ただ、新型コロナの影響などにより、学校とは何か、教育とは何か、PTAとは何かについて改めて考える機運が高まる中、日Pにおいても「今のままではいけない」と。さまざまな視点から、改革の必要性を感じています。
今後は“やらされる”全国大会を可能な限り解消へ
──とくに全国大会については、運営に携わった保護者から「開催のためにあれだけ高額の費用と手間をかける必要があるのか」「開催するにしても、オンラインで十分なのではないか」などの声が聞こえてきます。
そういった感想を持たれる方々がいらっしゃるということは事実ですし、そのような声を違う形で聞く機会もあります。ただ、全国大会についてはいわゆる「効率」の部分だけにスポットが当たり、「あれは無駄だ、これは無駄だ」という議論はどんどん進みますが、効率化だけを目的にしてしまうと、内容の劣化につながりかねません。
全国大会は、日Pにとっていちばん事業費率が大きな看板事業であり、全国のPTA関係者に教育の最先端に触れていだたく大切な学びの機会と考えています。現状の全国大会をよりよいものにしていくためには、効率化という“改革”と“学び”の両輪で取り組んでいく必要があると思っています。
ここでいう“学び”とは、運営側である実行委員会が当事者意識を持ち、「そもそも何のための全国大会なのか」など、日Pや各P連と対話を重ねながら企画・運営を進めていくことです。これまでの全国大会は、各都道府県の実行委員会が“やらされる”側面が少なからず存在したのかもしれませんが、今後はそれを可能なかぎり解消し、企画・運営の“アクティブ・ラーニング化”を推進していきたいと考えています。
──全国大会には、何百ページもある分厚いマニュアルがあり、「マニュアルどおりに進めることを求められた」という声もあります。今後はこのような「手段の目的化」からの脱却を目指されているという認識でよろしいでしょうか。
来年の全国大会は神奈川県川崎市で開催予定ですが、テーマは「ウェルビーイング」で、当事者が主体的に対話を重ねながら準備が進められています。

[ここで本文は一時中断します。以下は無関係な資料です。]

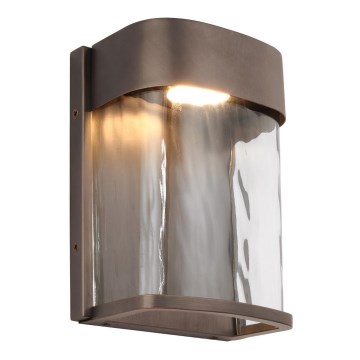 Feiss - LED Ulkoseinävalaisin BENNIE LED/14W/230V IP44 pronssi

これまでの全国大会は、開催期間2日間で、分科会は開催県(市)のあちこちにで開催していたのですが、川崎大会は開催期間2日、コロナ明けということもあり、両日とも同一会場で、すべての領域を全員で学ぶという新しいスタイルで開催します。リアルに集まることのよさを生かしながら、これまでにはない新しい形の全国大会になると思います。
今後は開催県・開催市の土地柄なども考慮しながら企画・運営を行い、運営方法についてはオンライン、またハイブリッドで開催するなども選択肢の1つとして出てくる可能性もあるでしょう。全国大会の内容を、広く一般会員に周知するための方策についての議論も始まりつつあります。
ちなみに、全国大会の登録料などは受益者負担が基本ですが、各協議会・連合会がまかなうケースもあります。私は岐阜県PTA連合会会長時代、岐阜県PTAの代表として全国大会に参加しました。開催地までの往復交通費は県P連から出してもらい、開催期間中の移動交通費、飲食代などはすべて自費でした。また、日Pに関わるようになり、「役員になると報酬をもらえる」と思われる方も少なくないことに気づきましたが、日Pの役員は、各校PTAと同様全員無報酬です。
ガバナンス強化のため財務のワーキンググループを発足
──2023年7月には、金田淳前会長が事務局員へのハラスメント行為などを理由に解職されました。9月には金田氏の解職をめぐり、金田前会長、後藤新会長が同日に会見されています。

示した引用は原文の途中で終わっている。